HPG werfen Türkei erneut Einsatz von Phosphorgranaten vor

Die HPG haben der Türkei erneut vorgeworfen, Phosphorbomben in Südkurdistan einzusetzen. In Qendîl ist ein Dorf von der türkischen Luftwaffe bombardiert worden.

Die Volksverteidigungskräfte (HPG) haben der Türkei erneut vorgeworfen, Phosphorbomben in Südkurdistan einzusetzen. Nachdem das Pressezentrum der HPG schon am Dienstag berichtet hatte, dass es in der Zap-Region zu Angriffen mit aus Panzern abgefeuerten und mit Phosphor angereicherten Granaten gekommen ist, meldet die Informationsstelle der Guerillaorganisation auch heute die Dokumentation von Einsätzen dieser Waffen. Erneut richteten sich die Angriffe gegen Widerstandsstellungen in Çemço und im direkten Umland des Dorfes Sîda. Beide Gebiete gehören zur Gemeinde Şîladizê nahe der Kleinstadt Amêdî.

Insgesamt 17 Einschläge von Phosphorbomben sowie verbotener Bomben verzeichneten die HPG ihrer Bilanz zum Kriegsgeschehen im Zap demnach am Dienstag. „Zeitgleich wurde giftiger Rauch von angezündeten Autoreifen und anderem Plastikmaterial in eine unterirdische Tunnelanlage eingeleitet“, heißt es in der Erklärung. Sowohl in Çemço als auch in Sîda und am Widerstandsmassiv Girê Cûdî registrierten die HPG zudem den gesamten Tag über 36 Einschläge von Artillerie- und Panzergranaten. In der Qendîl-Region wurde das Dorf Gundê Bêpalan aus der Luft angegriffen.

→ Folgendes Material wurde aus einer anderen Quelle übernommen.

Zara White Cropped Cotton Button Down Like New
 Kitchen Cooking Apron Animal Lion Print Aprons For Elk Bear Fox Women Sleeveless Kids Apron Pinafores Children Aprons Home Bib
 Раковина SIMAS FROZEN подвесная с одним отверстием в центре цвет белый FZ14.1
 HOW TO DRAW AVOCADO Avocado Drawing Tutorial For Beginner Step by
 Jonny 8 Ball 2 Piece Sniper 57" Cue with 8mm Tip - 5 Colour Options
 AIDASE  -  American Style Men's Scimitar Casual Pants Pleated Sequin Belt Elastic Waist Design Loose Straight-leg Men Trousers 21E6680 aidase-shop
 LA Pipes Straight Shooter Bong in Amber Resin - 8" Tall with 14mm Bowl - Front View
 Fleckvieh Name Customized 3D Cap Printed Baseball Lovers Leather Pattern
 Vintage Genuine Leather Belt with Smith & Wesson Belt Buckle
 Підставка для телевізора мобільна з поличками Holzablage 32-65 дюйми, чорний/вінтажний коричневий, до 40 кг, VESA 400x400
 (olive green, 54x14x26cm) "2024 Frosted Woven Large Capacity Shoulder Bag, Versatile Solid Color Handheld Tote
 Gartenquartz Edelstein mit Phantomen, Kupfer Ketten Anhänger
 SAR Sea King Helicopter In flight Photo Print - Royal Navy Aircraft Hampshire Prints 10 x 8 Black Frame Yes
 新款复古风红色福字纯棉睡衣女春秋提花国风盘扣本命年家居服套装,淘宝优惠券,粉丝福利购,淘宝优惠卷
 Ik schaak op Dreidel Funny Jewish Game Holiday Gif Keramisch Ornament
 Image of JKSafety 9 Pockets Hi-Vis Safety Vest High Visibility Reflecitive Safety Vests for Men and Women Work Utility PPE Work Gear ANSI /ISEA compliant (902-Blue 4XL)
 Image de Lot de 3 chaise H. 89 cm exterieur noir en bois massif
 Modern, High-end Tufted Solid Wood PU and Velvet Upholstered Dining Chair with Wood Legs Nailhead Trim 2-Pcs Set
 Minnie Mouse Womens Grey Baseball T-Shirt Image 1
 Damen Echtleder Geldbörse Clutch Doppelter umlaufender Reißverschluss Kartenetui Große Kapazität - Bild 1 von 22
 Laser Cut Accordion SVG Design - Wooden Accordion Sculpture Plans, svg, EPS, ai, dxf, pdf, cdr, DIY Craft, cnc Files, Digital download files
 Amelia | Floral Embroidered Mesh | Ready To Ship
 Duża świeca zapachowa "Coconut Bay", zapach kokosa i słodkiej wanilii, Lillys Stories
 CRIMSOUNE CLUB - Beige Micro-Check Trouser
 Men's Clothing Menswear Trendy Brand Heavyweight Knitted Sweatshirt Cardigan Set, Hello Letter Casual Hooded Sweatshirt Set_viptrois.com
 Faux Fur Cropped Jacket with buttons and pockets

Weiter geht aus der Bilanz hervor, dass in Çemço eine Gruppe türkischer Besatzungssoldaten bei dem Versuch, Sprengsätze in der Umgebung von Guerillastellungen zu befestigen, ins Visier genommen wurde. „Um unsere Verteidigung aufrecht zu erhalten, haben unsere Kräfte die Besatzer mittels Sabotage-Taktik angegriffen“, so die HPG.

Türkei nutzt Phosphorbomben als Kriegswaffe

Es wäre nicht das erste Mal, dass die Türkei in ihrem Krieg in Kurdistan auf Phosphorbomben setzt. Zwar verstößt der Einsatz dieser Waffen bisher nicht generell gegen die Chemiewaffenkonvention, da sie als Brandbomben gewertet werden. Die medizinischen Folgen sind aber so inhuman, dass sich viele Organisationen, darunter die IPPNW (Internationale Ärzte zur Verhütung des Atomkrieges e.V.), für ein Verbot von Phosphorbomben in bewaffneten Konflikten aussprechen.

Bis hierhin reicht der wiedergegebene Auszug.